NEWS STORY: Vatican issues CD of papal `rap’ for the millennium

c. 1999 Religion News Service VATICAN CITY _ First came the best-selling book, then the golden disc and now _ a papal”rap.” The Vatican is issuing”Abba Pater,”a compact disc on which _ for the first time _ Pope John Paul II speaks over a musical score, delivering homilies and reciting prayers and psalms in five […]

c. 1999 Religion News Service

VATICAN CITY _ First came the best-selling book, then the golden disc and now _ a papal”rap.” The Vatican is issuing”Abba Pater,”a compact disc on which _ for the first time _ Pope John Paul II speaks over a musical score, delivering homilies and reciting prayers and psalms in five languages in a sacred equivalent of secular rap.

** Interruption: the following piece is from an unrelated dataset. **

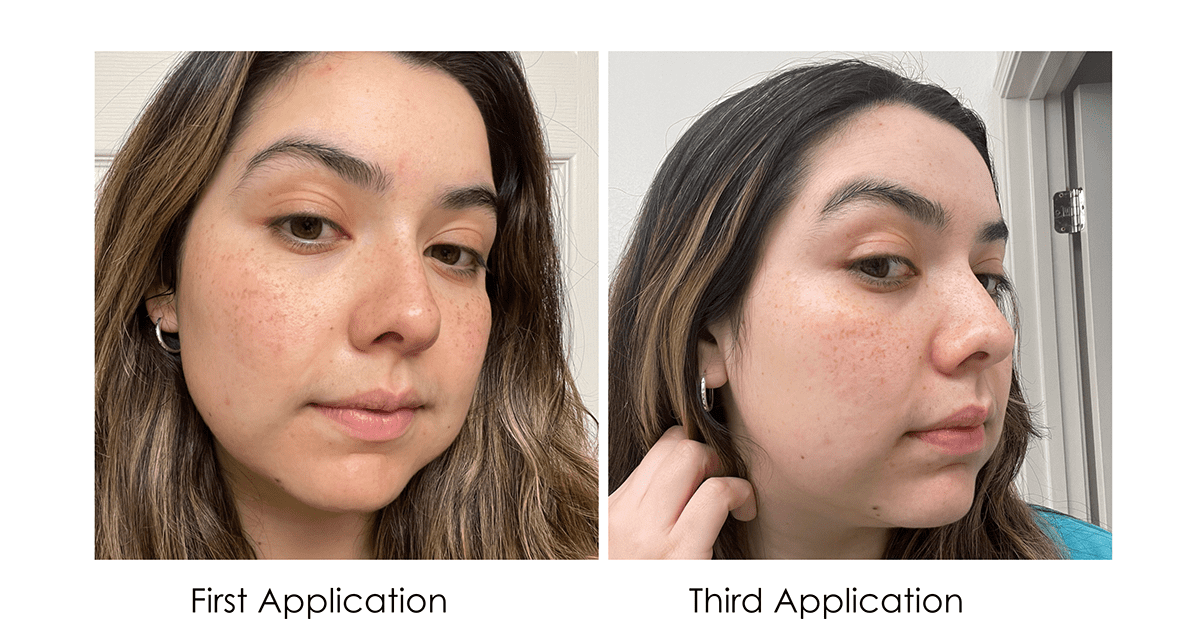 My Skin After Using It the First Time and Third Time in the Same Week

The Rev. Pasquale Borgomeo, the Jesuit director general of Radio Vatican, presented the first copy of the CD to John Paul Wednesday (March 17) at his weekly general audience in St. Peter’s Square.”Very nice,”the pope said.


Sony Classical will start distributing more than 1 million copies of the CD worldwide next Tuesday (March 23) with help from national bishops conferences.”We hope sales will exceed that many times over,”Peter Gelb, president of the recording company, told a Vatican news conference.

Judging by past successes in marketing the pope, Gelb’s prayers should be answered.”Crossing the Threshold of Hope,”the pope’s written replies to a reporter’s questions about his personal beliefs, sold well over 3 million copies in the year after its publication in 1994, while an album of the pope reciting the rosary became a golden disc.

Borgomeo said the CD is intended to help the world’s 1 billion Roman Catholics undertake the”interior pilgrimage”the pope has invited them to make in preparation for the holy year 2000, which will open the third millennium of Christianity.”It has great pastoral value,”he said.

The CD contains 11 tracks in which the pope speaks in Latin, Italian, French, English and Spanish on such universal themes as charity, forgiveness and reconciliation. His texts include his own homilies, Psalm 26, the Gospel of John, passages from Exodus and Matthew, a poem attributed to St. Francis of Assisi and the Beatitudes from Matthew.

They were chosen under Borgomeo’s supervision from Radio Vatican’s vast collection of broadcast recordings of John Paul’s voice made at the Vatican and during his world travels over the more than 20 years of his papacy. The voice is that of a still vigorous man, not yet blurred as in recent years by the effects of Parkinson’s disease.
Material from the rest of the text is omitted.